McCormick and Oz, the finalists in a high-stakes Republican primary for U.S. Senate in Pennsylvania that has gone to a recount, have spent months trying to showcase their conservative bona fides to GOP base voters and head off skepticism of their elite backgrounds on Wall Street and in Hollywood, respectively. Part of that strategy involved commercials showing them shooting guns.

On April 29 Republican Pennsylvania senate candidate Mehmet Oz posted a campaign ad addressing his support for the 2nd Amendment. (Video: DoctorOz | YouTube)

Although candidates in both parties have long used guns as a campaign prop, the images have in recent years become more prevalent, and intentionally provocative, in Republican advertising, holidays greetings and other forms of communication with the public. Such placements convey a cultural and political solidarity with conservatives more powerfully than most anything else, according to Republican strategists and aides.

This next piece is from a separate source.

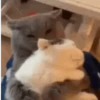Cats and Dogs🐱💙🐶 20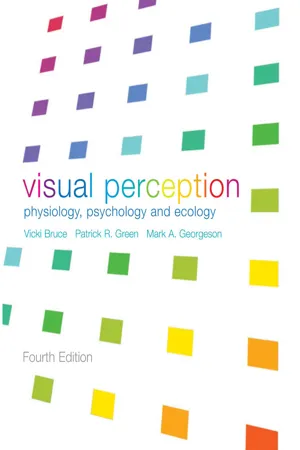 Visual Perception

“It is a very visual example. It’s an illustration of where both sides are in that the more the right feels they are going to lose their Second Amendment rights, the further they’re going to go to defend them,” said Terry Sullivan, a veteran Republican strategist.

But as the nation reckons with a pair of deadly mass shootings at a Buffalo grocery store and a Texas elementary school, some are warning that these photos and videos are harmful and glorify the use and ownership of firearms designed to kill.

“These ads create a dangerous impression that firearms, and assault-style firearms specifically, are casual tools rather than dangerous weapons,” said Kris Brown, the president of Brady, a gun violence prevention organization. “To use them to grandstand and to provocate is dangerous.”

Some Republicans rejected that position, arguing they are promoting safe and legal gun use.

Last Christmas season, Rep. Thomas Massie (R-Ky.) posted a holiday photo on social media showing him and his family posed in front of a Christmas tree, all clutching military-style firearms.

Rep. Lauren Boebert (R-Colo.), who has built her political brand in large measure around her devotion to guns, responded to Massie’s tweet with a photo of her and her sons holding similar assault rifles with a message to her colleague: “The Boeberts have your six” — military jargon for having someone’s back.

While most representatives of the elected officials and candidates cited in this report did not immediately respond to a request for comment, John Kennedy, communications director for Massie, defended his boss’s decision to promote his photograph and said it did not send a dangerous message.

“Rep. Massie’s photo was so popular with his Kentucky constituents that the most commonly heard complaint we received was that this photo was not released as the actual Christmas card,” Kennedy said.

Over the past several election cycles, Democrats running in rural, conservative-leaning states have also featured guns in their ads. In 2010, Sen. Joe Manchin III (D-W.Va.) famously shot a gun at a Democratic environmental and energy proposal bill in a campaign ad, and eight years later, he released another one shooting at a lawsuit challenging the Affordable Care Act.

Democrats in recent years have outpaced Republican spending on gun-related ads, a signal of the party’s increasing inclination to campaign for stricter gun laws. But so far this year, Republicans have aired dozens more ads about guns than Democrats, according to data analyzed by AdImpact. The media-tracking firm identified 121 Republican ads dealing with guns and just 18 Democratic ones that are gun-related.

Sullivan said Republicans who highlight gun imagery in primaries where the competition for GOP base voters is intense might pay a political price in the general election. Others took a similar view.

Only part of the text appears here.